ネバーランドは何処にある? | 硝子の中年のブログ

ネバーランドは何処にある?

  先日、テレビで実写映画の「約束のネバーランド」が放送された。

録画して見た。

コロナの時代になってから、劇場では1回も映画を鑑賞していない。

理由は勿論、感染を避けるためであり、同様に演劇、落語、美術も1回も鑑賞していない。

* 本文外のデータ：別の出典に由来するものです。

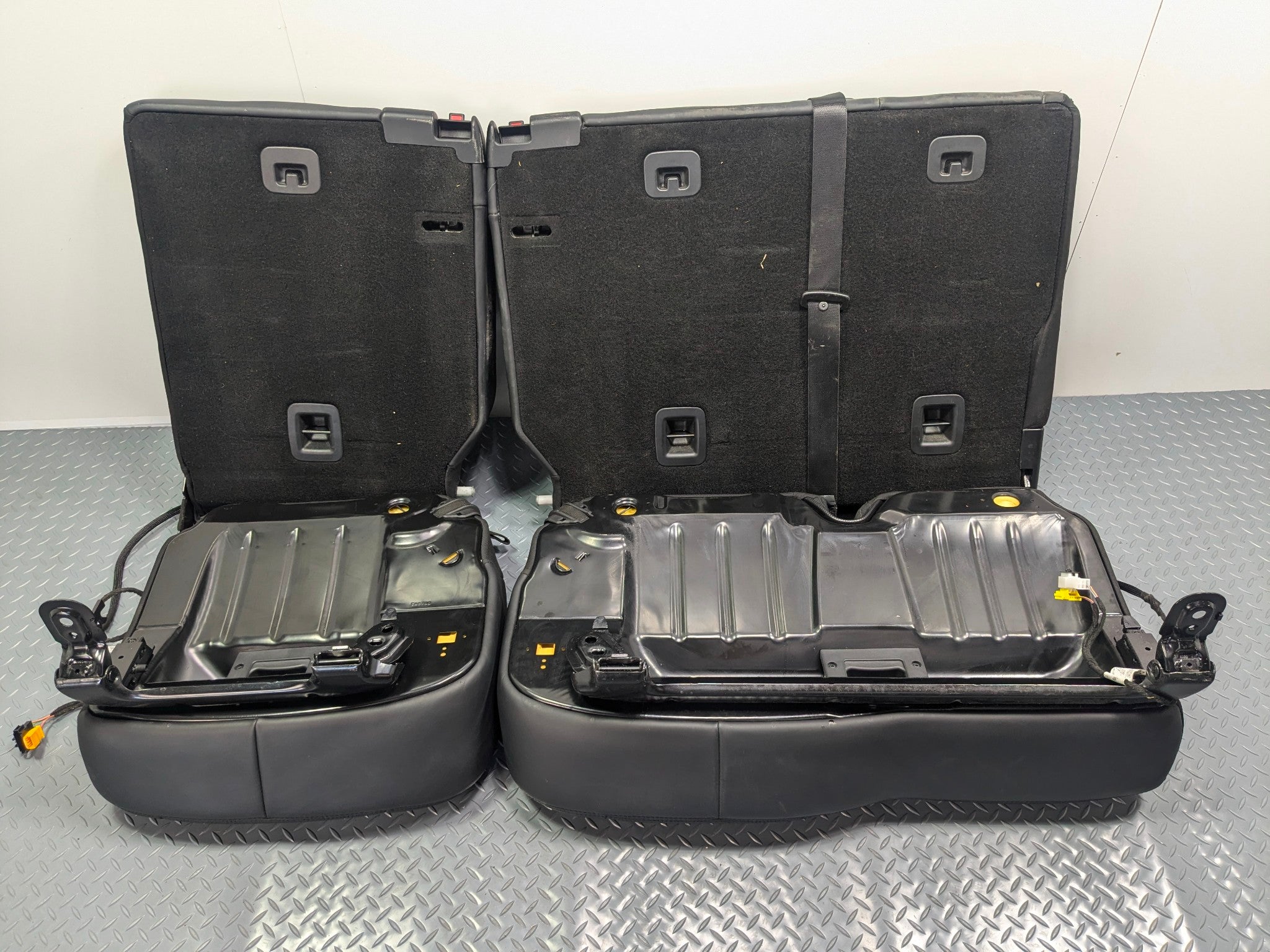 2009 - 2011 OEM MERCEDES-BENZ ML63 REARBACK SEAT BLACK LEATHER ASSEMBLY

これらのジャンルに関しての蘊蓄は極めて長尺になるので、割愛する。

  本作は2020年12月に公開された作品。

原作は漫画であり、テレビアニメ化もされている。

私はいずれも見ていないが。

世代が全く違うので。

私の場合は「三丁目の夕日」か、さらに前の世代だが。

敢えて言えば、滝田ゆうの「寺島町奇譚」だろうか。

この作品の当時は私も若者だったが。

  だいぶ脈絡が逸れたが、この映画の一番の感想はストーリーが惜しいというか、大人の鑑賞には微妙な違和感があるということ。

勿論、私的かつ主観的な論評ではあるが。

これがコミックスが原作の実写映画の隘路かもしれない。

具体的には怪物が登場する。

孤児院で愛情豊かに育てられた子供たちが成長して、一人々々卒院していく。

しかし、彼らは養子縁組で引き取られたのではなく、怪物に食用児として食われる運命だった。

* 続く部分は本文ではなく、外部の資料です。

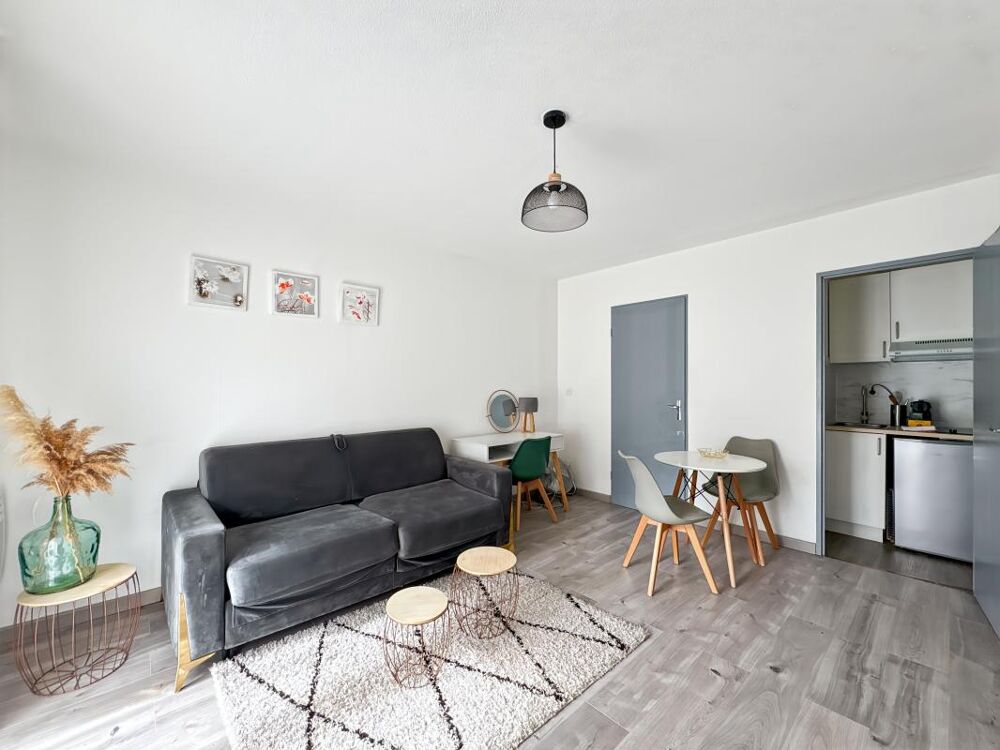 À Vendre  Studio VENDU LIBRE avec Stationnement dans résidence sécurisée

  この設定自体が残念ながら、超A級の作品には成りえない要素と言える。

勿論、荒唐無稽や非現実的を批判するつもりは毛頭ない。

非現実的とはSFやオカルトと≒であり、これまでも優れた作品が残されてきた。

超常現象も映画のジャンルとして無視できない。

例えば、全て洋画だが「トワイライトゾーン」「ディアボロス/悪魔の扉」「家」「デビルズゾーン」などが該当するだろうか。

また、恐怖映画としては、テレンス・スタンプ主演の「コレクター」も秀逸と言える。

勿論、ヒッチコック監督の「サイコ」は説明するまでもないが。

ゴシックホラーとしては「月下の恋」が印象に残っているが。

  子供がクリーチャーのような怪物に食餌として供されて絶命するのではなく、人間の原形を残したような、その延長線で変異した怪人に与えられ、さらに選別されて次の段階に至るような、ダークサイドを直接的ではない手法で描けば、奥行きが出るはず。

怪人の心理的な異常性を描写することで、観客の対象として大人にも裾野が広がるはず。

勿論、この作品、この映画で怪物には背景も、ストーリー性も皆無である。

因みに複数の孤児院の元締めというか、総帥のような老嬢として、三田佳子が出演するが、端役でしかない。

  怪人奇人を登場人物として加えても、関係性が複雑になるとか、煩わしくなることはない。

例えば、「イット」のペニーワイズのような。

毒蜘蛛の化身でも、化け猫の憑依でも、腹話術の人形でも、狂人ピエロでもいいが。

設定は21世紀でも土着や土俗の空気感、あるいは怨念などの伏線やプロットは欲しい。

その方が映画の賞レースにもノミネートされるようなグレードになると思える。

これが線引きというか、分岐点と言える。

  つまり、漫画やアニメでは若年層に向けて、より苛烈なキャラクターや設定により、瞬時に過激に見る側の前頭葉を挑発する傾向が強い。

実績と収益を担保し、獲得するためにも。

しかし、大人の作品は即物的よりも一歩引いて、猶予をもって、急速に熱量を上げるような描写はしない。

暗部や闇を描くことで、深みが増す。

なお、本作の北川景子、浜辺美波の演技は5段階評価で☆☆☆☆を付けたい。

中堅と公開時に新人の女優には未だ展望が、未来予想図が大きく開けている。